World stocks fell 0.3 percent for a third straight day in the red, receiving no respite from a rise in oil prices, while initial European equity gains fizzled amid growing fears for Italian lender Carige whose shares were suspended after reports of a capital hole.
While Shanghai was lifted one percent by regulators’ promise to simplify share buybacks, Asian markets broadly weakened following Friday’s weak Wall Street close. New York trade will likely be thinned by the Veterans Day holiday and futures indicated the S&P500 and Dow Jones flat to lower but Nasdaq futures are marginally.
Investors are fretting about signs of slowing growth worldwide but especially in China where e-commerce giant Alibaba was the latest to raise alarm bells, with the slowest ever annual sales growth during its Singles Day shopping event.
Many also reckon that U.S. President Donald Trump could turn up the heat over trade, further damaging China’s economy.
All that, coupled with European political risks, conspired to push the dollar 0.5 percent higher against a basket of currencies by 1230 GMT.

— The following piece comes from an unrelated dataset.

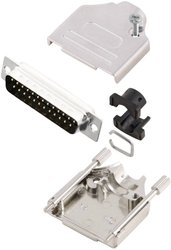 Zestaw listew męskich D-Sub MH Connectors MHDTZK25-DM25P-K, rzędy: 2, styki: 25, 180 °, 1 szt.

“King dollar has staged a return,” Valentin Marinov, head of G10 FX strategy at Credit Agricole, said, adding that investors had piled back into the dollar after last week’s U.S. Federal Reserve meeting confirmed a rate-tightening path.
“Euro and pound are both hurt by political risk and that is aggravating underperformance versus the dollar,” Marinov said.
Sterling lost more than one percent at one point, holding near a 10-day low hit earlier, while the euro, comprising more than 50 percent of the dollar index, fell 0.7 percent to its lowest since July 2017.
British Prime Minister Theresa May’s Brexit strategy came under attack from all sides, increasing the risk that her plan for leaving the European Union will be voted down by parliament, thrusting the United Kingdom toward a potentially chaotic “no-deal” Brexit.
The opposition Labour Party said that if May’s Brexit deal was voted down in parliament, it would push for a national election and possibly also another referendum.
Latest futures data showed net short sterling positions registered their biggest weekly rise in 1-1/2 months
Deutsche Bank analysts, however, predicted more pain, telling clients: “not enough risk is priced into sterling given the parliamentary problems ahead”.
In the euro zone, Italy faces a Tuesday deadline to submit a revised budget to the EU, but its refusal so far to cut the draft deficit sets the stage for a collision with Brussels.
Markets were also spooked by reports that Banca Carige would need around 400 million euros ($451 million) to plug a hole in its capital base and Italy’s deposit protection fund could fill only part of it.
That raises the specter of a banking crisis in the euro zone’s third-biggest economy, lifting Italy’s bond yield spread over Germany – the risk premium attached to Italian assets – back above the psychologically key 300 basis-point mark. Italian bank shares fell 1.2 percent.
Bernd Berg, global macro strategist at Woodman Asset Management, predicted the euro would tumble below $1.10 from the current $1.126 “as renewed eurozone and Brexit angst and a diverging economic outlook with a strong U.S. economy versus a weakening eurozone economy will trigger further euro selling pressure.”
All of this has been good news for dollar bulls, who have benefited from safe-haven flows. Speculators’ net long dollar positions rose last week to the highest since January 2016, calculations by Reuters and Commodity Futures Trading Commission, show.
The other big move was in commodities, where Saudi Arabia’s energy minister jolted Brent crude futures around 2 percent higher with comments that Riyadh could reduce supply to world markets by 500,000 barrels per day in December, a global reduction of about 0.5 percent.
Brent is trading around $71.4 per dollar, off seven-month lows touched last week.
But slowing world growth could make supply cuts a temporary solution to falling oil prices. Two of the world’s biggest economies – Germany and Japan – are expected to report a contraction in output in coming days.